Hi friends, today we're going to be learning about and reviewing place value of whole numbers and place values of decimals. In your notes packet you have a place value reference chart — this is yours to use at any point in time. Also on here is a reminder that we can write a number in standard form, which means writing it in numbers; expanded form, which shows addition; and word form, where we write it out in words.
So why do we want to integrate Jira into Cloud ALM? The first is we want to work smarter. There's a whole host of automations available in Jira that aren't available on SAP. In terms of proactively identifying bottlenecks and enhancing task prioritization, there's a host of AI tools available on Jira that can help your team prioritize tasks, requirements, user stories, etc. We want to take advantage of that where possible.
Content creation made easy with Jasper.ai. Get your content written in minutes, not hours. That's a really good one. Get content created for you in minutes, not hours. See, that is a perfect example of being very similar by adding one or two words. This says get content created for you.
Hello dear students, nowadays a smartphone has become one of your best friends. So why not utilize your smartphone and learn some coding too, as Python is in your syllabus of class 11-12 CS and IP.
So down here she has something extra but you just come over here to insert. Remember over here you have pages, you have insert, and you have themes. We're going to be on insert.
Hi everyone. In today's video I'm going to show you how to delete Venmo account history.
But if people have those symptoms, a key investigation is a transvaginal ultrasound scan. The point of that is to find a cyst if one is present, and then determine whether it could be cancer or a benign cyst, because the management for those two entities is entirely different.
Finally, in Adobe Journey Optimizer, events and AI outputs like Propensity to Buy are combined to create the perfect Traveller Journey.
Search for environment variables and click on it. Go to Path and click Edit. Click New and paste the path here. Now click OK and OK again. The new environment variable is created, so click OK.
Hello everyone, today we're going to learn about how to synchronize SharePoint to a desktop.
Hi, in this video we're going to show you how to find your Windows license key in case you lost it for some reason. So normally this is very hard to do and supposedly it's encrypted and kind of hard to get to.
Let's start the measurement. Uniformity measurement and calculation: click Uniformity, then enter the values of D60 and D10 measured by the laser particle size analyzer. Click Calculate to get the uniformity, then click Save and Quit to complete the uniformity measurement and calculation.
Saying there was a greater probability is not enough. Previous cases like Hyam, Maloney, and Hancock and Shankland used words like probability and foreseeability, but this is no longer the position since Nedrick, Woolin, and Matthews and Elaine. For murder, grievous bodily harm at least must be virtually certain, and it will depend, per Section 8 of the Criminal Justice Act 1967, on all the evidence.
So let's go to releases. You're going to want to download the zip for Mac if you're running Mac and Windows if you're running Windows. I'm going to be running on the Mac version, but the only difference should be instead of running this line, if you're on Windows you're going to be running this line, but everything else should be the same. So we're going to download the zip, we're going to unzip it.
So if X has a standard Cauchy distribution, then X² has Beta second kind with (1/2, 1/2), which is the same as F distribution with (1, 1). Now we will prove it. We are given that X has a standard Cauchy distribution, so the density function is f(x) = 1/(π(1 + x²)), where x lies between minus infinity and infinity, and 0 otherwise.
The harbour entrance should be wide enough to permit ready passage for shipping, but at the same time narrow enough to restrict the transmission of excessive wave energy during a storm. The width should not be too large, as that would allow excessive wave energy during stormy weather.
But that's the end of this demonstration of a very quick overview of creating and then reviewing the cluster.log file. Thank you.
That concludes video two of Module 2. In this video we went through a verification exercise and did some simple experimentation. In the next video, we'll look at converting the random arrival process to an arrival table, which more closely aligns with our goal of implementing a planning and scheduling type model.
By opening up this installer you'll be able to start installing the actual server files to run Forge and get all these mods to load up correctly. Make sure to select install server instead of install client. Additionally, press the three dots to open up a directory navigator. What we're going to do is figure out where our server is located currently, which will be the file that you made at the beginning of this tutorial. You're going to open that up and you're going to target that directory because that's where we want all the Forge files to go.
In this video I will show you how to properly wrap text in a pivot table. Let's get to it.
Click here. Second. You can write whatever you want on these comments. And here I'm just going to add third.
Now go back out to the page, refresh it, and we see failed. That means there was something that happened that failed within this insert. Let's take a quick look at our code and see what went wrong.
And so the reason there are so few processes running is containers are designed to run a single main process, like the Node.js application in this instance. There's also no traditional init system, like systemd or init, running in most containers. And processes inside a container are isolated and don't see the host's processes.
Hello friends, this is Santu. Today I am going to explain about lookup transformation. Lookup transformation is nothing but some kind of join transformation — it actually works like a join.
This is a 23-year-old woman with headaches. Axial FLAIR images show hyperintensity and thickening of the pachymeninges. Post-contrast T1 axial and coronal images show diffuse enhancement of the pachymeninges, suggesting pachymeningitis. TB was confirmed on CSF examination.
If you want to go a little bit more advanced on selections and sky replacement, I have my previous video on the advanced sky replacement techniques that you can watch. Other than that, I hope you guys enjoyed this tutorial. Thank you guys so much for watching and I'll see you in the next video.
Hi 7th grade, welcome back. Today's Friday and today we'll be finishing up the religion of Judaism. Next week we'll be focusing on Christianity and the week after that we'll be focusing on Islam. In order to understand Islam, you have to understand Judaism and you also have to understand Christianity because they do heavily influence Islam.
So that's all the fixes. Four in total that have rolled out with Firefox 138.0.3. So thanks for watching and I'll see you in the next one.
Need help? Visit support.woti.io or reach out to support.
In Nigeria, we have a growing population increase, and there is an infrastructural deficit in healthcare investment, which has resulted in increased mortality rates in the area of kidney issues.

----

Activity.
Lines that hold the word "file" are the ones to copy from the entries above.

Your response.
But that's the end of this demonstration of a very quick overview of creating and then reviewing the cluster.log file. Thank you.
By opening up this installer you'll be able to start installing the actual server files to run Forge and get all these mods to load up correctly. Make sure to select install server instead of install client. Additionally, press the three dots to open up a directory navigator. What we're going to do is figure out where our server is located currently, which will be the file that you made at the beginning of this tutorial. You're going to open that up and you're going to target that directory because that's where we want all the Forge files to go.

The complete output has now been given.